DRIVERS may soon have to pay to use one of the region's busiest through routes if plans to extend a controversial congestion charging scheme in a North-East city are approved.

Durham County Council is considering the possibility of introducing charges in Milburngate, in Durham City, which has the county's busiest roundabout, to discourage motorists who are passing through the city to other destinations.

The council stresses that the charge is only a possible option and that the scheme would depend on the construction of a northern relief road, costing more than £14m, running from the A690 in the east to Aykley Heads in the north, to take traffic not headed for the city centre.
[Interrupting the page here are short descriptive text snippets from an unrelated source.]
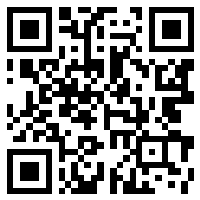 QR Code for dash:XbUfTrTFCucSoESTrsQ93UCjvLdyAeHRCX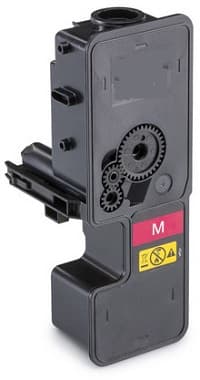 Magente para ECOSYS M5521,P5021-2.2K#1T02R9BNL0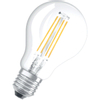 Osram Retrofit LED-lamp - dimbaar - E27 - 5W - 2700K SW471994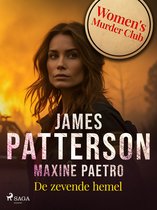 Women's Murder Club 7 - De zevende hemel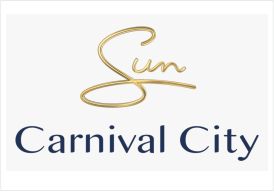 Carnival_01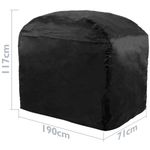 AD11500 - 03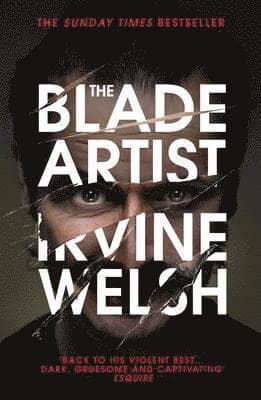 Blade Artist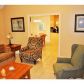 1217 Lakestone Court, Gainesville, GA 30501 ID:10054348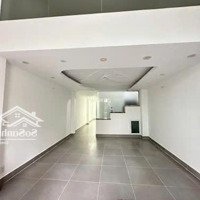 Cho Thuê Nhà 354A Phan Xích Long, Phường 7, Phú Nhuận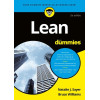 Lean voor dummies (Dutch Edition)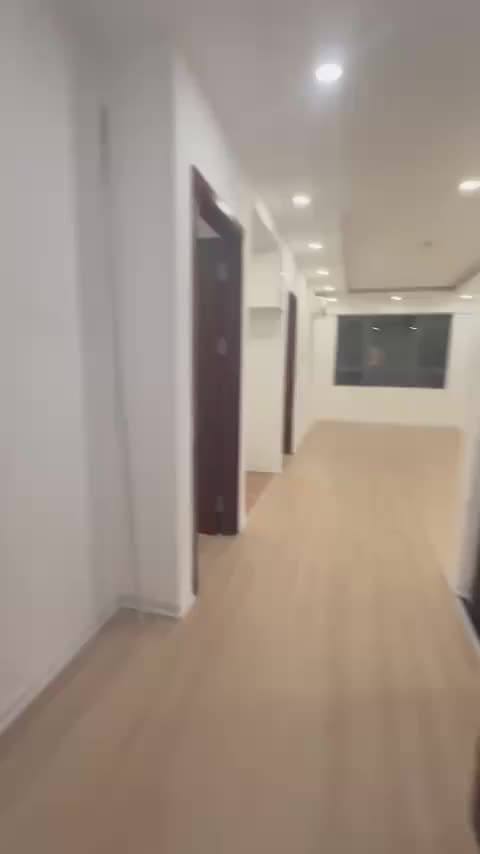 Căn hộ 2N giá vừa tầm tài chính tại Dự án: Thái Hà Bộ Công An Toà HH Epic's Home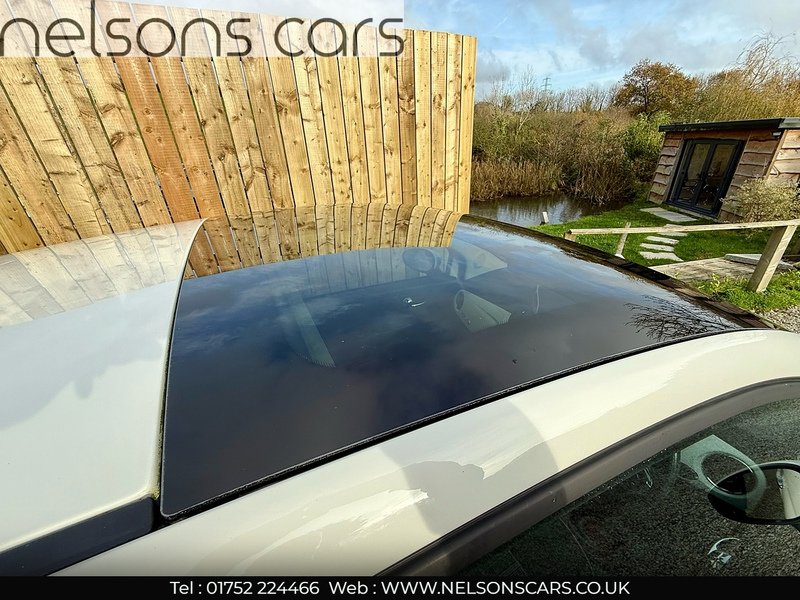 Used Fiat 500 2018 for sale - 76570671: Photo 25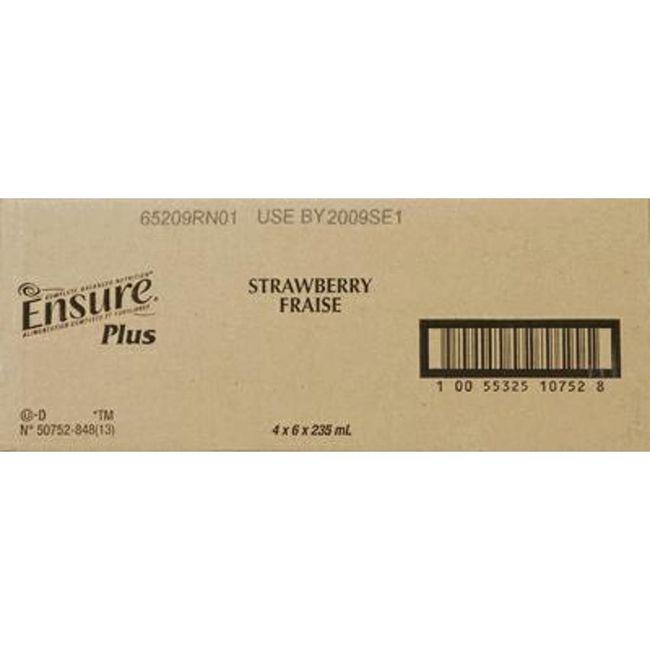 Product gallery 454983737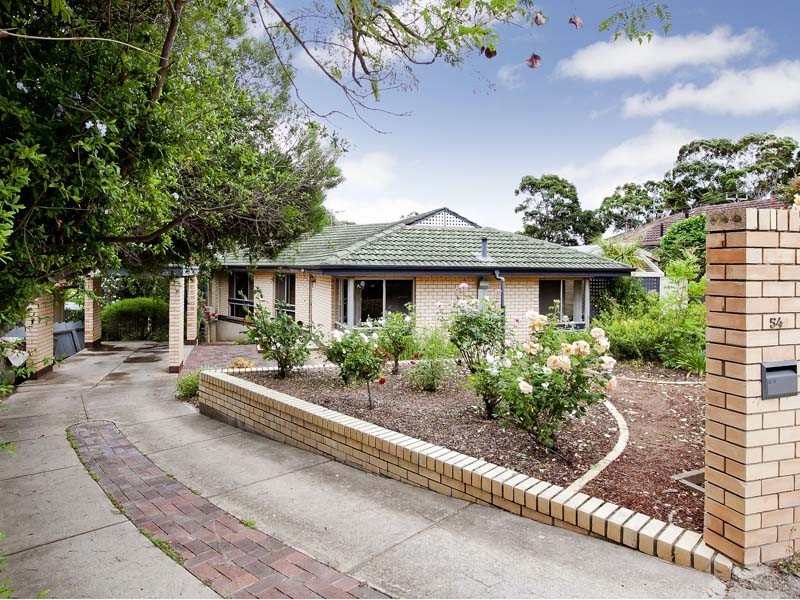 549 States Road, Hackham SA 5163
Two years ago, the city became the first in the country to introduce a modern toll road when it started levying a £2 charge for traffic using the narrow, dead-end road to the cathedral and castle.

It has been hailed a success in reducing unnecessary traffic and making the area safer for pedestrians.

The council has also introduced on-street parking charges to reduce congestion and plans to cut it further by opening three park-and-ride sites later this year.

It has submitted a bid to the Government's transport innovation fund for the relief road and toll.

But its highways manager, Roger Elphick, stressed the scheme could take eight to ten years to come to fruition and depended on the relief road being built.

"We want to encourage through traffic to use that relief road. One idea may be, and I say may be, to look at some form of extension of the road charging scheme.

"It is a really busy road. There are more than 40,000 vehicles that go over Milburngate each day. A lot of them have business in the town centre, but not that many."

Mr Elphick said details of the scheme had not yet been worked out and some form of satellite technology could be used to monitor and bill drivers rather than have a pay point that vehicles had to stop at.

Colin Wilkes, of the Durham Markets Company and the Durham City Forum, said traders were already worried that many people in the region had the erroneous impression that people had to pay to get into Durham when the existing charge only applied to one road.

He said: "It would be awkward to have another toll at the city's doorstep. We wouldn't be rushing to support that unless there were obvious benefits.

"Durham can be rightly proud of its many assets, but I don't think we would want to be known as toll city."

Roger Cornwell, chairman of the City of Durham Trust, said he feared a new toll road could drive people to shop elsewhere.

He said the council should wait and see what impact the park-and-ride schemes had before considering toll charges.